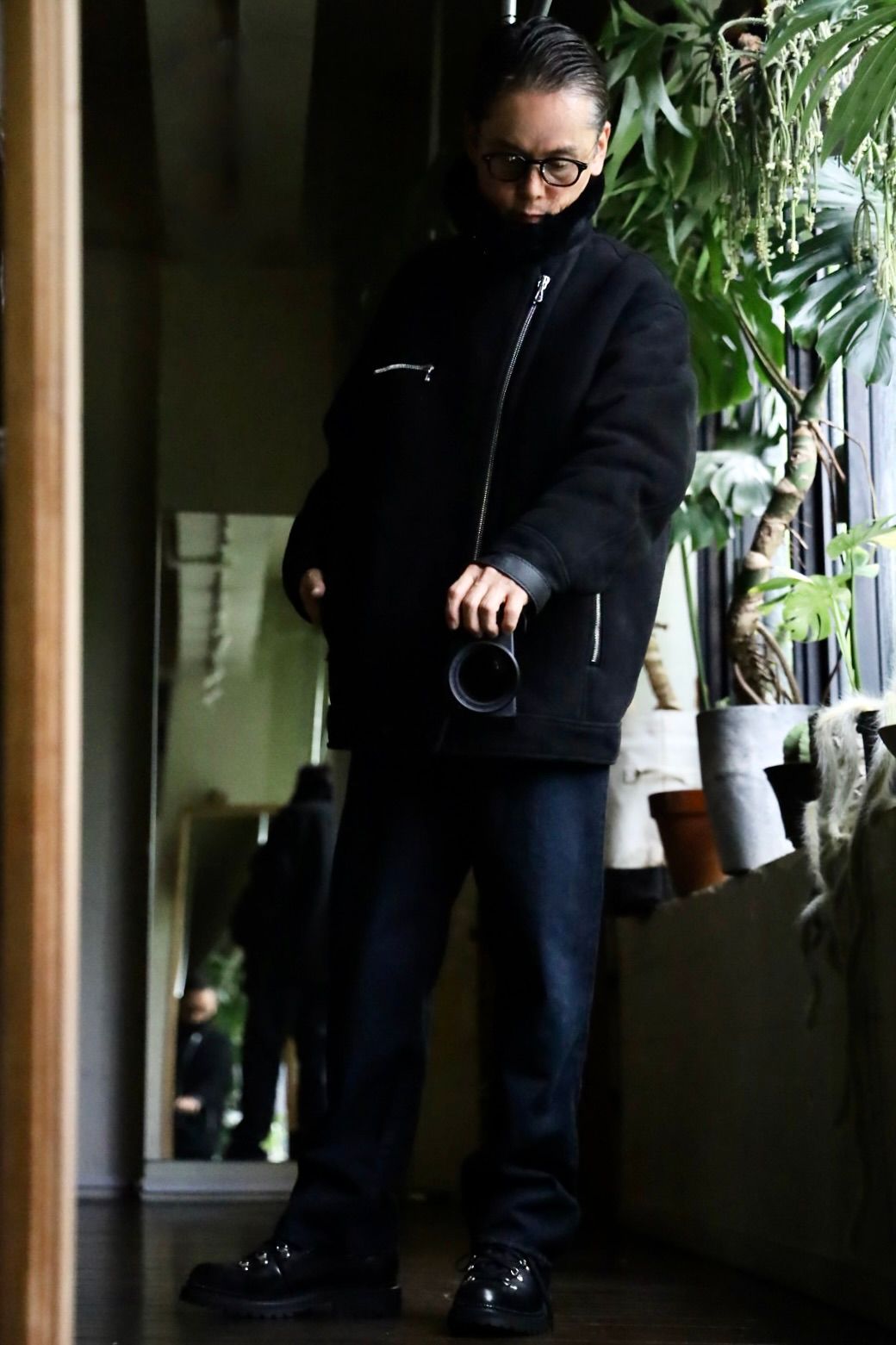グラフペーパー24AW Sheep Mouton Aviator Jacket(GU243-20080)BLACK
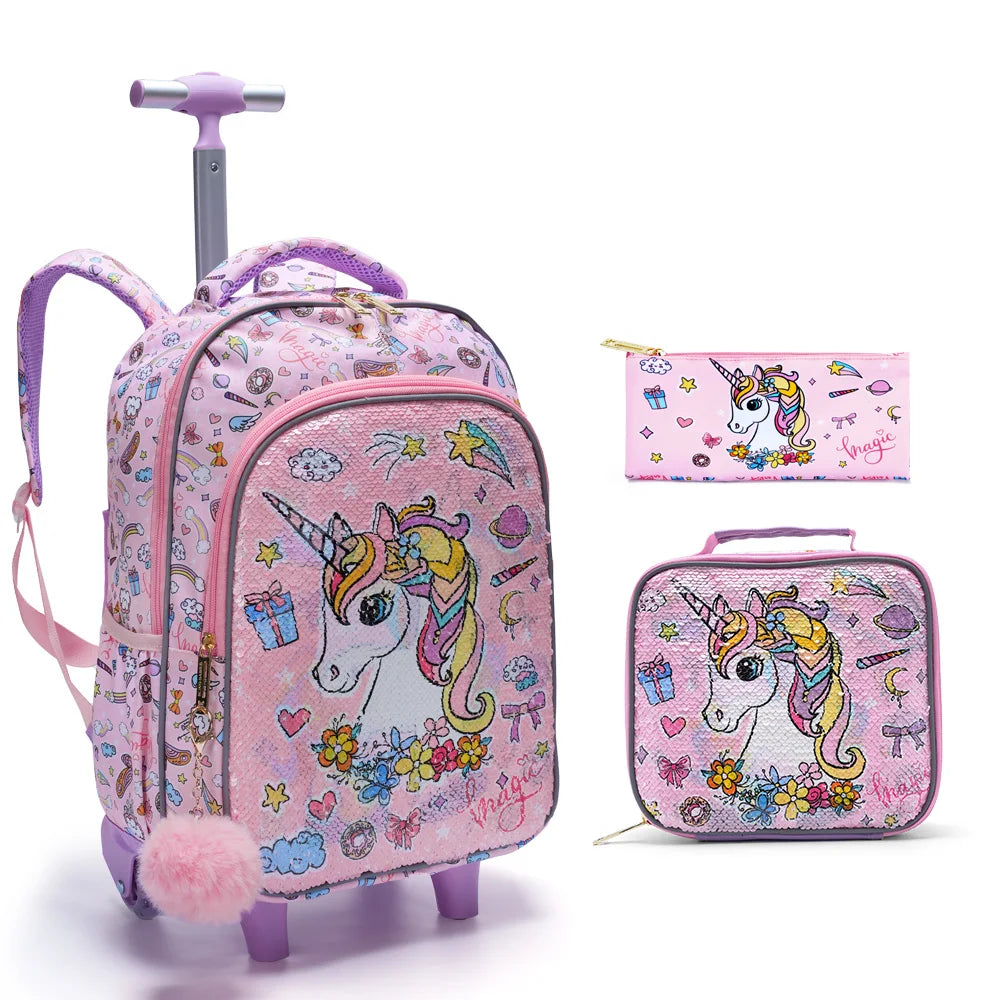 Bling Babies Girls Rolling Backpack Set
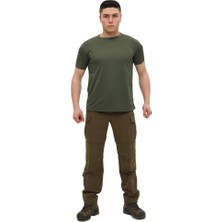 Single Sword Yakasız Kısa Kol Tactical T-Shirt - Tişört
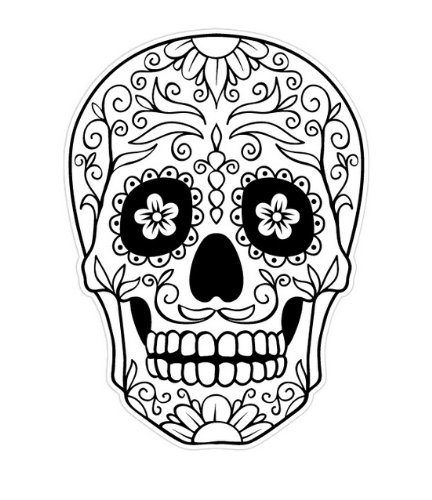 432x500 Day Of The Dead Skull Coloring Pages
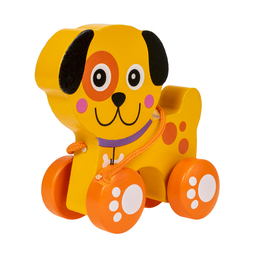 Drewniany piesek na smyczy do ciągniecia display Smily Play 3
----
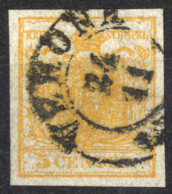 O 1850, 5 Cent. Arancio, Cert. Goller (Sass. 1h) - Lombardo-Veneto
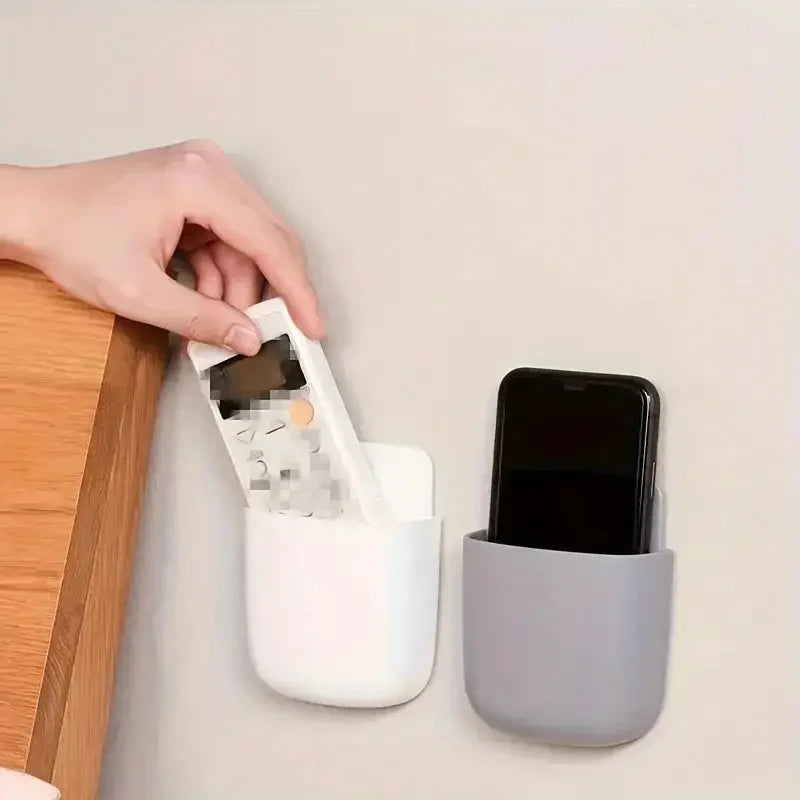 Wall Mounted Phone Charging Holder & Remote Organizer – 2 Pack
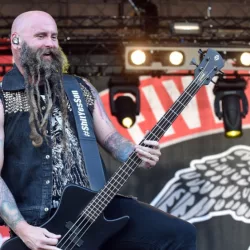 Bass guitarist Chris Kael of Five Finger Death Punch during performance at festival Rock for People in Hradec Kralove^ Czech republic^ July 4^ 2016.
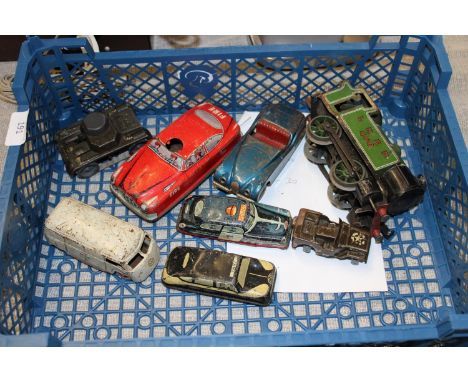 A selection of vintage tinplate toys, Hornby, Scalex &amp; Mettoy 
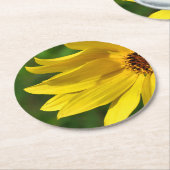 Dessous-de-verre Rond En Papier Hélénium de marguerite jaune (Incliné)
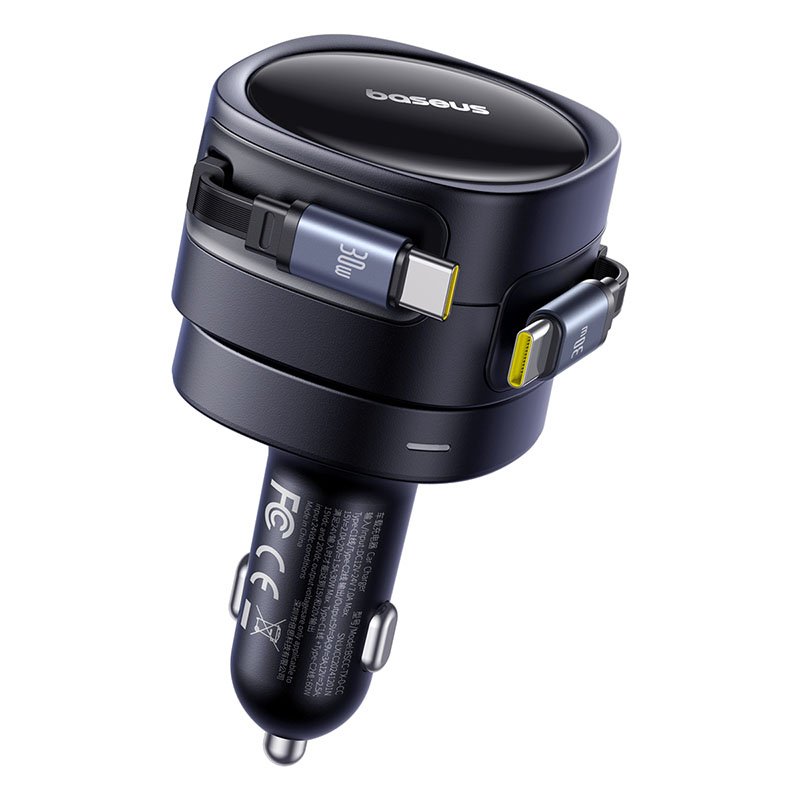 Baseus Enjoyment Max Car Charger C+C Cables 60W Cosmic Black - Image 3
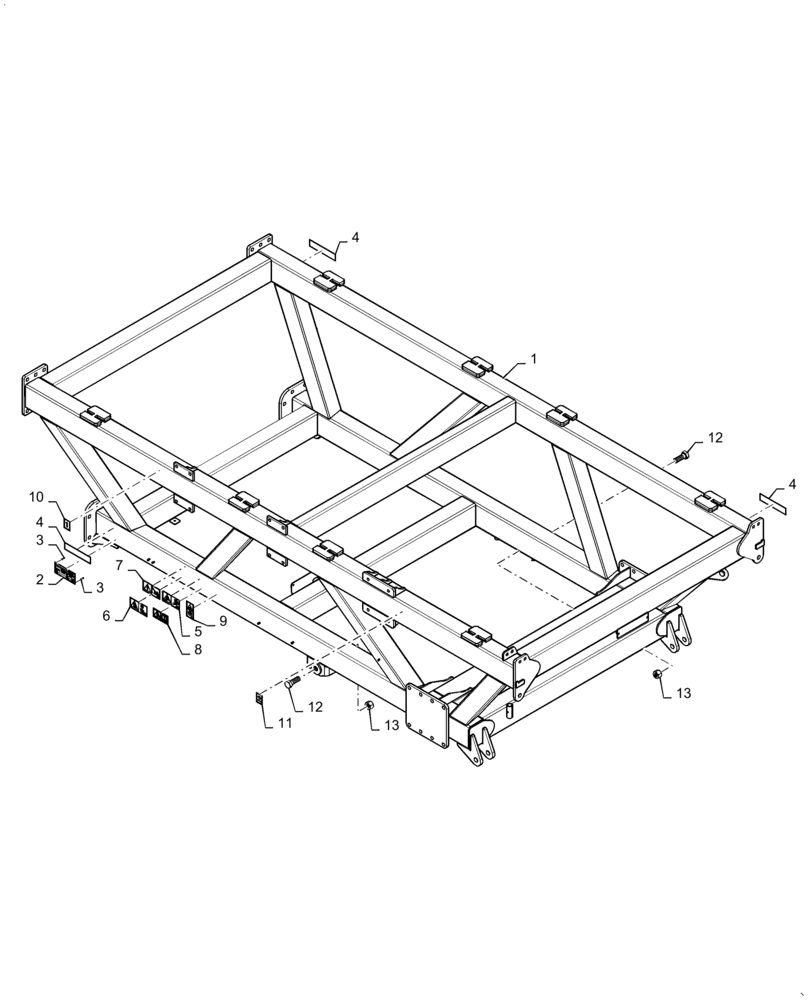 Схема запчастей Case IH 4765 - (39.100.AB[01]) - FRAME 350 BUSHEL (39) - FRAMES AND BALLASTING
----
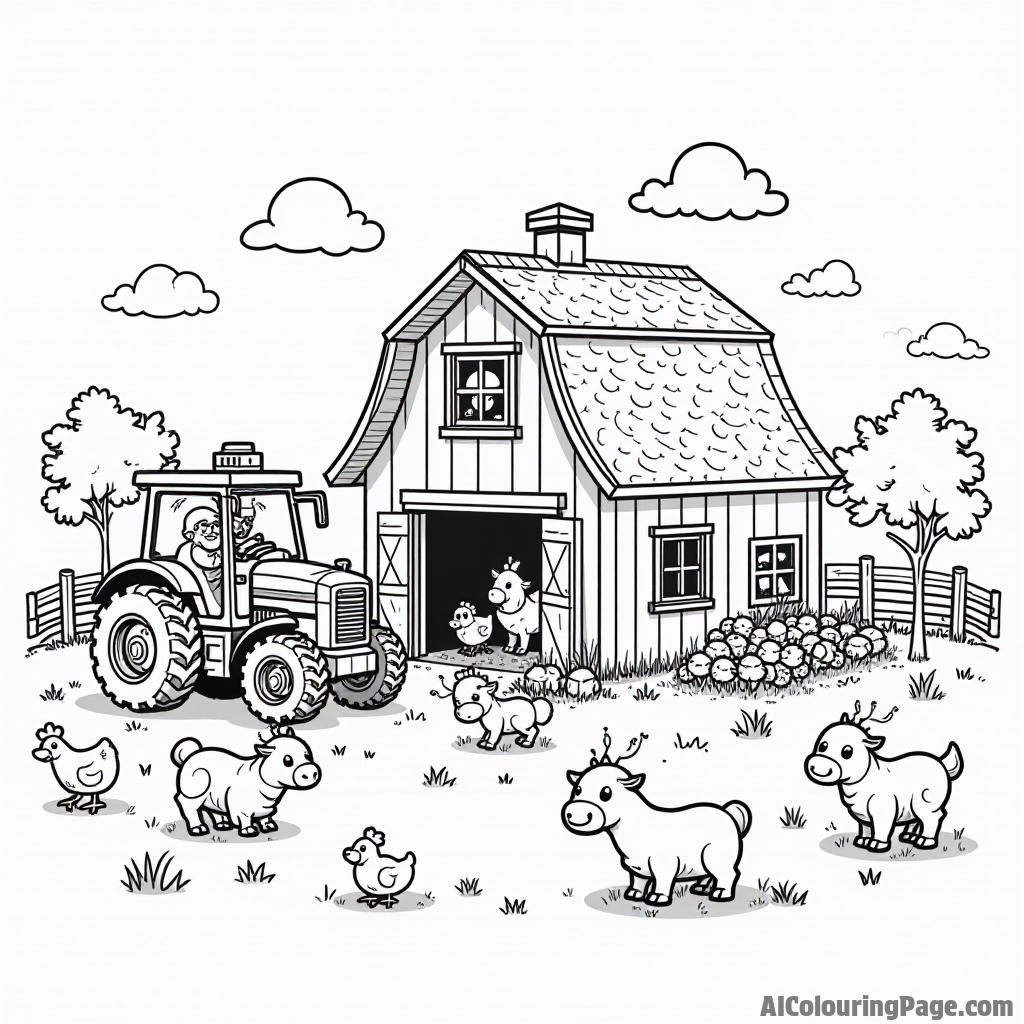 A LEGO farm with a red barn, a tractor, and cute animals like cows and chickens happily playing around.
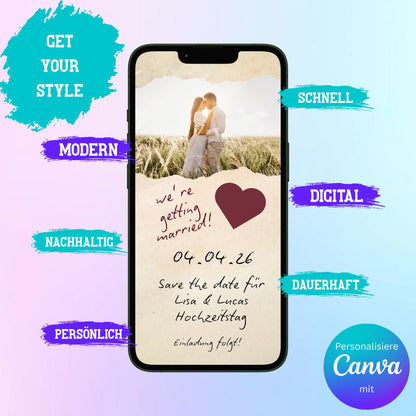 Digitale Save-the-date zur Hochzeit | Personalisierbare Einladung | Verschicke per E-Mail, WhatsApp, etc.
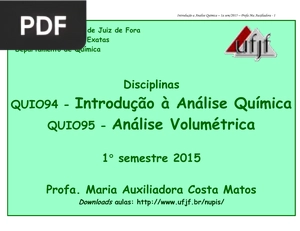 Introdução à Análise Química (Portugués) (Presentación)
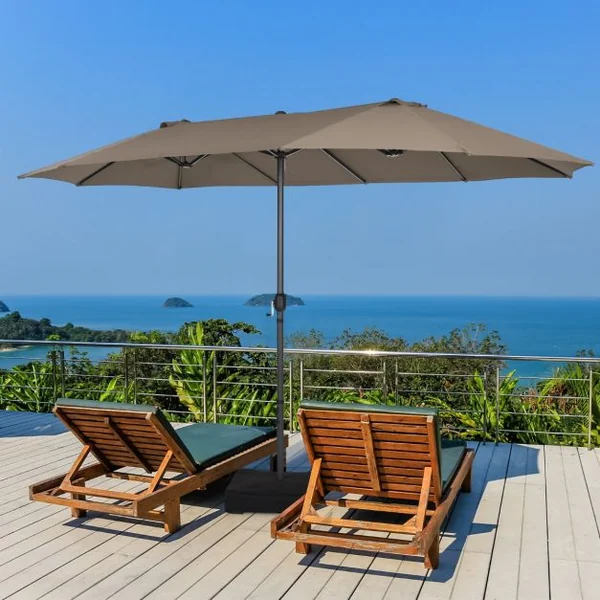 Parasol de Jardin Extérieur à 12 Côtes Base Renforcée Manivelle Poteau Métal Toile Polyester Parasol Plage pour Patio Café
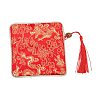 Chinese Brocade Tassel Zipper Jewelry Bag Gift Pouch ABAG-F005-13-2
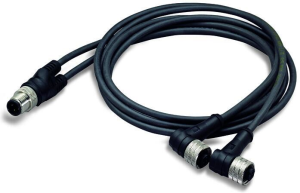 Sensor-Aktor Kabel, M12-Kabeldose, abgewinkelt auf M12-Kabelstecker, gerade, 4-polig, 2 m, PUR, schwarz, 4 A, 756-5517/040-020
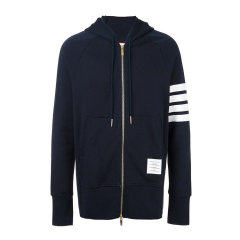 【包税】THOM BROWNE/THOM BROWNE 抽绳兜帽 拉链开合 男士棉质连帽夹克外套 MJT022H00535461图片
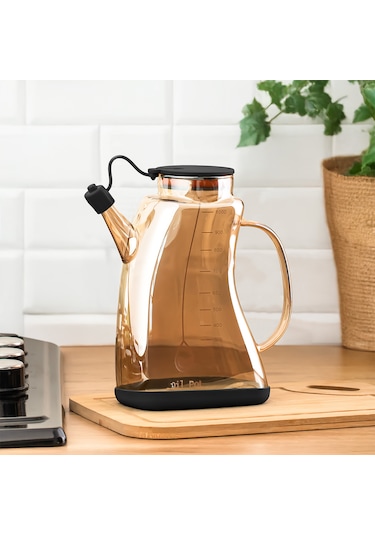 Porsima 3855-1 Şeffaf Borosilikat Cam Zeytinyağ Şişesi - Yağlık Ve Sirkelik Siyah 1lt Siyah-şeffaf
----
▸ ABOUT THIS TASK
Nothing but the lines from the one containing "432x500 Day Of The Dead Skull Coloring Pages" through the one containing "Drewniany piesek na" should appear, copied exactly from the material above and without pictures.

▸ SOLUTION TO THE PROBLEM
 432x500 Day Of The Dead Skull Coloring Pages
 Drewniany piesek na smyczy do ciągniecia display Smily Play 3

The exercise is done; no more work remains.